THE PROBLEM ->
For the full listing below, write out each entry exactly and exclude the images.

INPUT MATERIAL ->
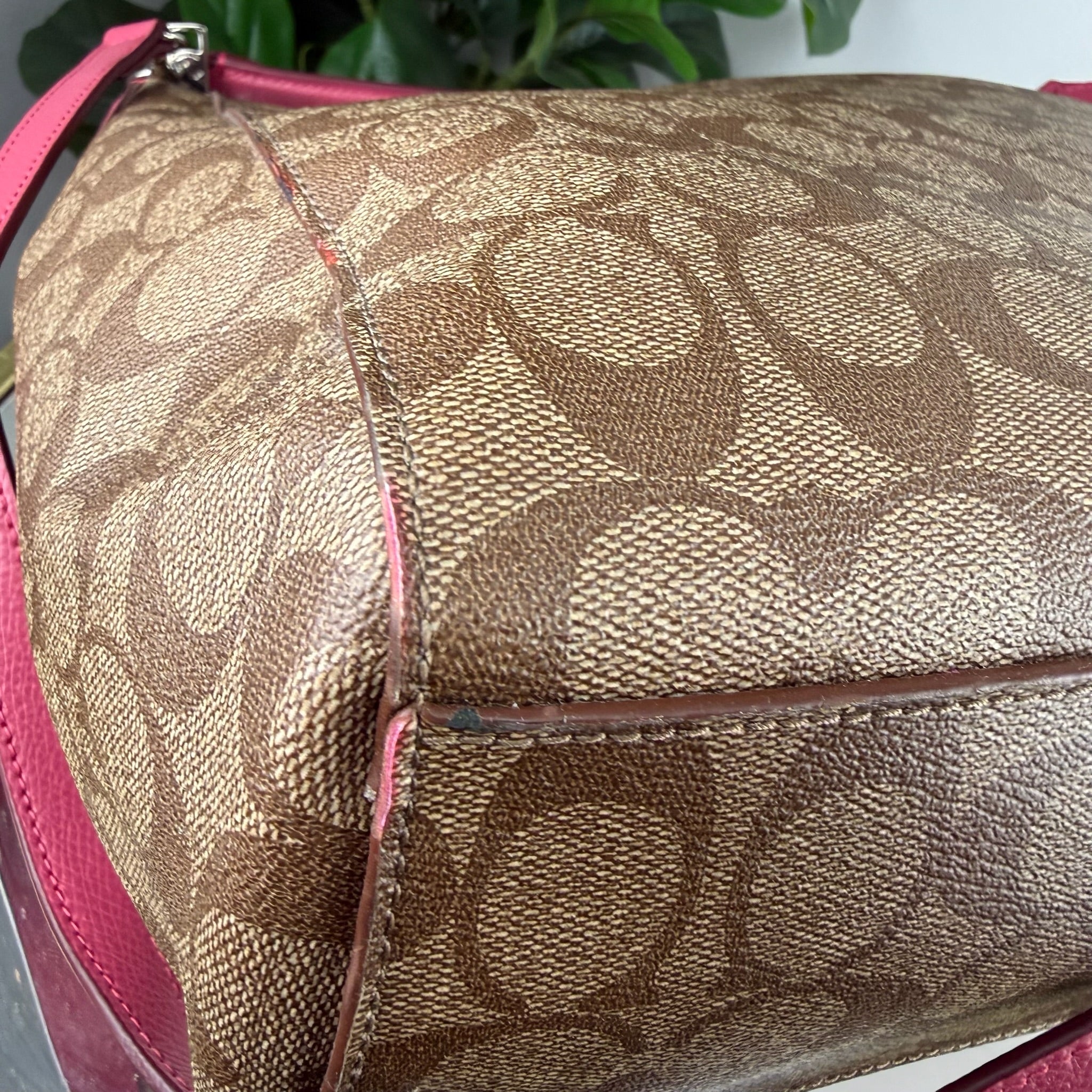 Authentic Coach Signature Canvas Hobo Bag - Khaki/Pink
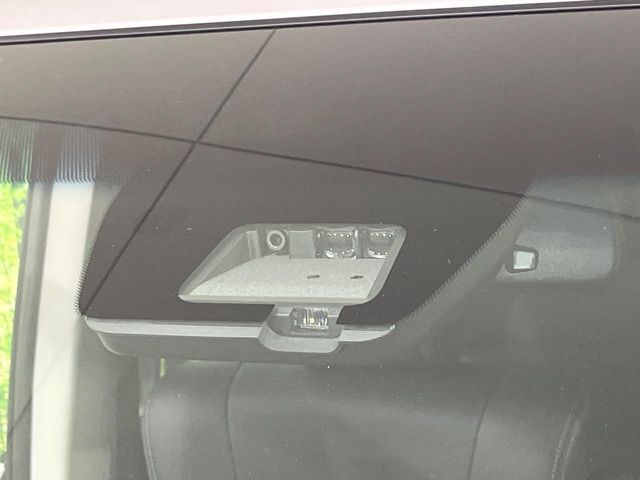 【三菱e-Assist】走行中に前方の車両等を認識し、衝突しそうな時は警報とブレーキで衝突回避と被害軽減をアシスト。より安全にドライブをお楽しみいただけます。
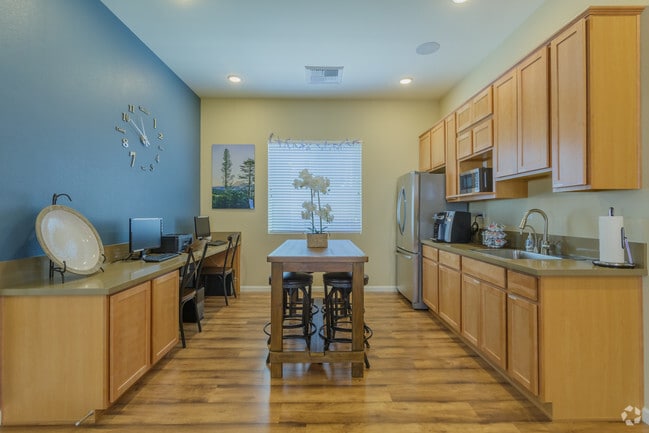 Interior Photo - Sky Vista Commons North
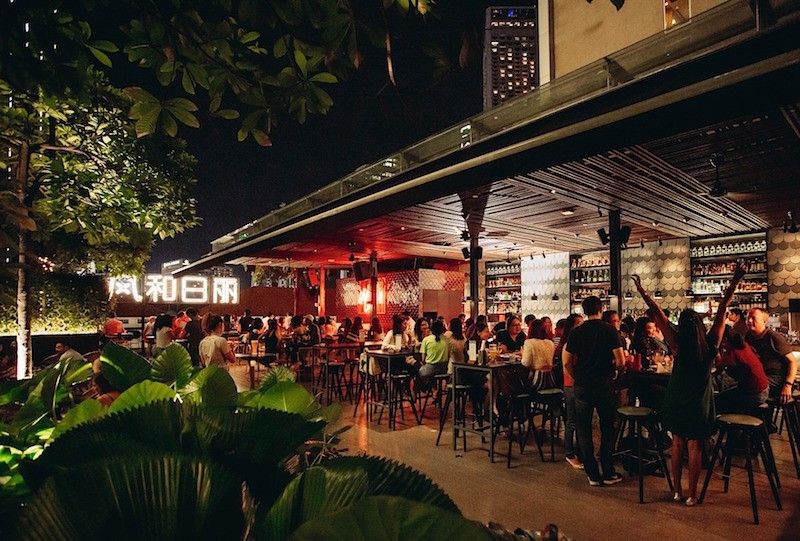 9 Best Happy Hours in Singapore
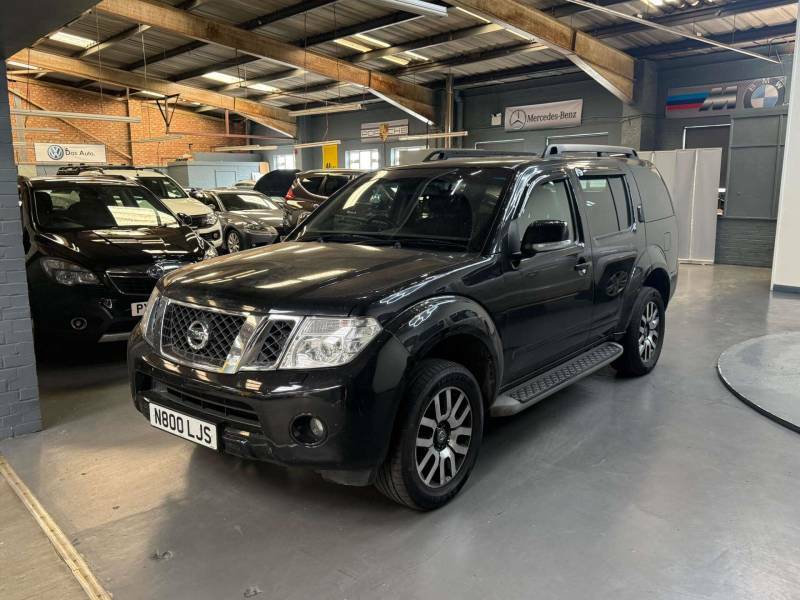 Nissan Pathfinder 2.5 Pathfinder Tekna Dci 188 4Wd Black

SOLVED PROBLEM ->
 Authentic Coach Signature Canvas Hobo Bag - Khaki/Pink
 【三菱e-Assist】走行中に前方の車両等を認識し、衝突しそうな時は警報とブレーキで衝突回避と被害軽減をアシスト。より安全にドライブをお楽しみいただけます。
 Interior Photo - Sky Vista Commons North
 9 Best Happy Hours in Singapore
 Nissan Pathfinder 2.5 Pathfinder Tekna Dci 188 4Wd Black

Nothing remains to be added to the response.